Exercise in exact copying. Transcribe every entry that follows, word for word.
MATERIAL FOR THE TASK section start
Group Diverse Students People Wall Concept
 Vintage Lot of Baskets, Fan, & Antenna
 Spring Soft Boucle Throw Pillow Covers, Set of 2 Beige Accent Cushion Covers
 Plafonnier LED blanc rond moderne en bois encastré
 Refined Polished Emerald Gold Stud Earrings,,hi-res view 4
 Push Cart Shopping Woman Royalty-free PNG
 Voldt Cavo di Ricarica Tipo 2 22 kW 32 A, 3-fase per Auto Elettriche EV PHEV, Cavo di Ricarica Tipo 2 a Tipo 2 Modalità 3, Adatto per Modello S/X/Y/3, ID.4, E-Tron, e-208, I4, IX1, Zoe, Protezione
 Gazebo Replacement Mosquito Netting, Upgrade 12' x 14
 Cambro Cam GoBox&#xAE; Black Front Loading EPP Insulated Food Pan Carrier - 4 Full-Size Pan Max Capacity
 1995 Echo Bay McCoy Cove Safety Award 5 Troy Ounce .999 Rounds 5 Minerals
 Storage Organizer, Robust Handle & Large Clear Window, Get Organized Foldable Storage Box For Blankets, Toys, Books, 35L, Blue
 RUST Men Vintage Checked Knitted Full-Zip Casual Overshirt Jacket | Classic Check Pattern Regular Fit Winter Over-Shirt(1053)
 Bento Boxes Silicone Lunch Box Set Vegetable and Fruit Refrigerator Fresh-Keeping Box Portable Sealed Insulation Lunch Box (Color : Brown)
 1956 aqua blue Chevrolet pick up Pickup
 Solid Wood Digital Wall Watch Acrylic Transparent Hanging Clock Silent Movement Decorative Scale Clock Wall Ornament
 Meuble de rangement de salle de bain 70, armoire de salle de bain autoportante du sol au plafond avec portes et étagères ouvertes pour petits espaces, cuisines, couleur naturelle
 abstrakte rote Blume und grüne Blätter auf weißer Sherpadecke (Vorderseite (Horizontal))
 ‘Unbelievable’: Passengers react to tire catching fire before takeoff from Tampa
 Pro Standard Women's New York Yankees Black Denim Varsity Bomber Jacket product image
MATERIAL FOR THE TASK section end
» REPLY:
Group Diverse Students People Wall Concept
 Vintage Lot of Baskets, Fan, & Antenna
 Spring Soft Boucle Throw Pillow Covers, Set of 2 Beige Accent Cushion Covers
 Plafonnier LED blanc rond moderne en bois encastré
 Refined Polished Emerald Gold Stud Earrings,,hi-res view 4
 Push Cart Shopping Woman Royalty-free PNG
 Voldt Cavo di Ricarica Tipo 2 22 kW 32 A, 3-fase per Auto Elettriche EV PHEV, Cavo di Ricarica Tipo 2 a Tipo 2 Modalità 3, Adatto per Modello S/X/Y/3, ID.4, E-Tron, e-208, I4, IX1, Zoe, Protezione
 Gazebo Replacement Mosquito Netting, Upgrade 12' x 14
 Cambro Cam GoBox&#xAE; Black Front Loading EPP Insulated Food Pan Carrier - 4 Full-Size Pan Max Capacity
 1995 Echo Bay McCoy Cove Safety Award 5 Troy Ounce .999 Rounds 5 Minerals
 Storage Organizer, Robust Handle & Large Clear Window, Get Organized Foldable Storage Box For Blankets, Toys, Books, 35L, Blue
 RUST Men Vintage Checked Knitted Full-Zip Casual Overshirt Jacket | Classic Check Pattern Regular Fit Winter Over-Shirt(1053)
 Bento Boxes Silicone Lunch Box Set Vegetable and Fruit Refrigerator Fresh-Keeping Box Portable Sealed Insulation Lunch Box (Color : Brown)
 1956 aqua blue Chevrolet pick up Pickup
 Solid Wood Digital Wall Watch Acrylic Transparent Hanging Clock Silent Movement Decorative Scale Clock Wall Ornament
 Meuble de rangement de salle de bain 70, armoire de salle de bain autoportante du sol au plafond avec portes et étagères ouvertes pour petits espaces, cuisines, couleur naturelle
 abstrakte rote Blume und grüne Blätter auf weißer Sherpadecke (Vorderseite (Horizontal))
 ‘Unbelievable’: Passengers react to tire catching fire before takeoff from Tampa
 Pro Standard Women's New York Yankees Black Denim Varsity Bomber Jacket product image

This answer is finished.